It hadn’t occurred to me to think about democracy and culture growing up in Japan. It’s easy to take our social and political systems in our home countries as given. The path that led me to think about the problem began at a bookshop in San Francisco, where I was visiting for a research trip. It was there that I came across the book The Utopia of Rules by the late anthropologist David Graeber.
Inspired by the expansive horizons in his writing, I applied to and was accepted to study under Graeber at the anthropology department of the London School of Economics. My background is in ethnic studies, researching Asian American film; I had never studied anthropology before.
It wasn’t just his class or books, though, that left an impression, but his exuding joy of research and intellectual inquiry.
After the end of the course, I followed Graeber’s work closely. This past April, a Japanese translation of an essay of his appeared, “There never was a West.” I had been planning to write about this when I heard of his untimely death at 59 this past September. Now that he is gone, it seems all the more important to consider how his ideas will resonate outside of their cultural context, outside of the west that never existed.
Democracy is often assumed to be a western idea. This belief is held in Asia, too, where the story of democracy as the movement that began in ancient Athens has had remarkable influence. Critics of democracy like to talk about how “Asian values” are incompatible with democracy, and, historically, some advocates for democracy have seen it as a part of western-style modernization.
But stopping for a moment to think about the multitude of cultures in Asia, the range of political regimes from authoritarian to democratic, and the power of resistance movements against the authoritarian regimes, makes these cultural arguments seem ridiculous. Is the authoritarian regime in Thailand the political expression of Thai culture, or the mass protest movement against it? Can culture explain the difference between North and South Korea?

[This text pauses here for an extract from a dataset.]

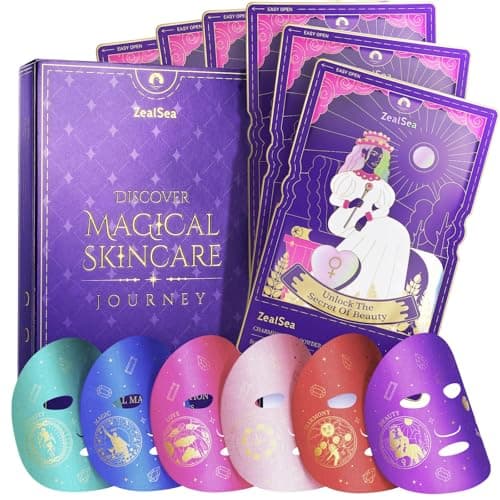 Zealsea Face Masks Skincare, Collagen Face Mask for Anti Aging, Hydrating Face Masks, Astaxanthin Q10 Face Mask for Antioxidant, Magic All-in-one Sheet Mask, Self Care Gift for at Home Spa Party 6pack - Image 1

Graeber, however, took the challenge further. It’s not just that culture can’t explain tendencies toward democracy. It’s that democracy has no origins in any particular culture at all. Contrary to what many people believe about the origins of democracy, Graeber believed that democracy meant nothing other than the practice of communal self-governance.
By this definition, democracy has no origin story — at least since humans began associating with one another. What he called “democratic practice,” or decision making in an egalitarian manner, occurs everywhere. The problem, Graeber writes, is that we have a system that’s a product of elite compromise to prevent “mob rule” as democracy, at the expense of the real thing.
Implied in the common understanding of democracy is the existence of the state with an elected government. Graeber argues that the state is more properly understood as a form of organizing violence than as a vehicle for democracy. Those looking for democracy are better off looking in places outside the purview of the state, on pirate ships, or frontier communities.
The history of states being no friend to democracy is abundantly present in the history of Hong Kong and Taiwan. Both share a history of colonization and a long denial of formal democracy. And citizens in both continue to struggle today. Because of China, the aspirations of those in Taiwan for international recognition of sovereignty, and those in Hong Kong for civil and human rights are denied.
The movements in Hong Kong post-Umbrella Movement and in Taiwan during the Sunflower Movement expose the limitations of the state as a site of democracy. Who knows what form of state may emerge from the movements in the coming decades?
They may be the starting point for creating a realm beyond the existing political, legal, and economic order. The second half of the headline “There never was a West,” is “democracy emerges from the spaces in between.”